RefRegistry survival = new RefRegistry();
RefRegistry lobby    = new RefRegistry();
survival.manager(heroDesc(survival), survivalStore, CachePolicy.always());   // Hero -> survivalStore
lobby.manager(heroDesc(lobby),       lobbyStore,    CachePolicy.always());    // Hero -> lobbyStore

// A SurvivalProfile read via survival.codec(...) binds its hero ref to 'survival';
// a LobbyProfile read via lobby.codec(...) binds its hero ref to 'lobby'.
survivalProfile.getHero().resolve();   // -> survivalStore's Hero
lobbyProfile.getHero().resolve();      // -> lobbyStore's Hero (same id, different entity)

This is impossible with a single global Class → resolver map: the second Hero manager would overwrite the first, and you'd only discover it at runtime in production. Dropping the global default turns that silent collision into a thing that can't happen.

🧭 Decisionone registry for a single-plugin app (make it at startup, pass it to your codecs and managers).

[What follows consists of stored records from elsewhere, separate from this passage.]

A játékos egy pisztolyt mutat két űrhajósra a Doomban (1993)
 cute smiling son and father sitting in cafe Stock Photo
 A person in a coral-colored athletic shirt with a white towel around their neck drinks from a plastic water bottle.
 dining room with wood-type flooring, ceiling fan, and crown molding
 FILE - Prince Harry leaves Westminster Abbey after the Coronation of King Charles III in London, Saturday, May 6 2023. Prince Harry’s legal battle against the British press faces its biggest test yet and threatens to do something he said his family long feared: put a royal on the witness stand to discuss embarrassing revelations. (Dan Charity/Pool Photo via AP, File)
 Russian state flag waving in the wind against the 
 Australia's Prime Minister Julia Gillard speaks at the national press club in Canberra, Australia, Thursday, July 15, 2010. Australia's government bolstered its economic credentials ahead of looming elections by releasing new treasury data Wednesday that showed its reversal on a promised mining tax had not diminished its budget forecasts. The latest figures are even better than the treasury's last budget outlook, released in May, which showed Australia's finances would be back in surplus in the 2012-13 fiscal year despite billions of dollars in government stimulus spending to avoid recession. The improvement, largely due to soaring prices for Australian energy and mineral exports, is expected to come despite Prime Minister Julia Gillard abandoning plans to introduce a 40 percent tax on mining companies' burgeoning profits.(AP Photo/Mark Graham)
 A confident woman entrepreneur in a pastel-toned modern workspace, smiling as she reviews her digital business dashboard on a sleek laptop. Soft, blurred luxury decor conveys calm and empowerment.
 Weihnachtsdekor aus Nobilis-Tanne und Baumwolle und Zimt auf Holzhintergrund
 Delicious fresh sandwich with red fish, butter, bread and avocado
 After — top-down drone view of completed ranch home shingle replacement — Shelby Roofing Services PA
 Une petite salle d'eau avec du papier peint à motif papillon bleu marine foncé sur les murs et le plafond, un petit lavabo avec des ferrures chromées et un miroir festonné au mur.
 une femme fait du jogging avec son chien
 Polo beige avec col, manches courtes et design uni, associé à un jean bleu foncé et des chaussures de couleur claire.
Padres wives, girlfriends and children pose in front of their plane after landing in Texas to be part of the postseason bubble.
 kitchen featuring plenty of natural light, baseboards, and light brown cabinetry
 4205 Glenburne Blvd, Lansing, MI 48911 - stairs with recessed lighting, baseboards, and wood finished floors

One registry per subsystem when independent modules each own their refs. Never share a registry across modules that don't trust each other's type usage.

A full two-subsystem example (SurvivalProfile/LobbyProfile sharing the Hero and Wallet types across separate registries and backends) lives in MultiBackendRefExampleTest (two_subsystems_resolve_the_same_types_through_their_own_registries).

Want the opposite of full isolation - share some types while keeping others private? Chain a registry to a parent with new RefRegistry(parent): registration stays local, but resolution falls back up to the shared parent ("private-then-shared", still no global map). See Caching Managers → Parent registries.


What it guarantees (and what it doesn't)

The cache hands out the same instance per key for its lifetime (an identity map). Publication is atomic and stamp-ordered. But the value is shared mutable state, and freshness is bounded:

Hazard Solved by optimistic lock? What solves it
Read staleness (you miss another process's update) TTL / invalidate(key)
Write staleness (you save a stale copy over a newer one) ✅ (versioned backends) OptimisticLockException → auto-evict + reload
Mutating a swapped-out value mutate through saveAndCache, or single-writer discipline

⚠️ Gotcha — cross-process writes are invisible to a local cache on their own. Wire Cross-Process Cache Sync (CacheSync) to close the gap — it turns another instance's write into a local invalidate/evict automatically, via a backend change feed (Mongo/Postgres) or version polling (MySQL/MariaDB). Bound the residual staleness with a TTL too.

Invalidation knobs: invalidate(key) (mark stale, reload next read), evict(key) (remove outright), invalidateAll(), clearCache(), purgeExpired() (drop no-longer-fresh entries; returns the count). repository() gives you the uncached backend for queries or cache-bypassing reads; cachedSize() counts live cells.

Non-goals

No eager fetch, no lazy proxies, no hidden I/O, no implicit joins, no entity-graph mapping, no automatic dirty tracking (write-back is opt-in and manual - you set the flag yourself; see Caching Managers). Resolution is always explicit (peek/resolve) and batchable (getAll). The cache is opt-in; freshness is a knob you own.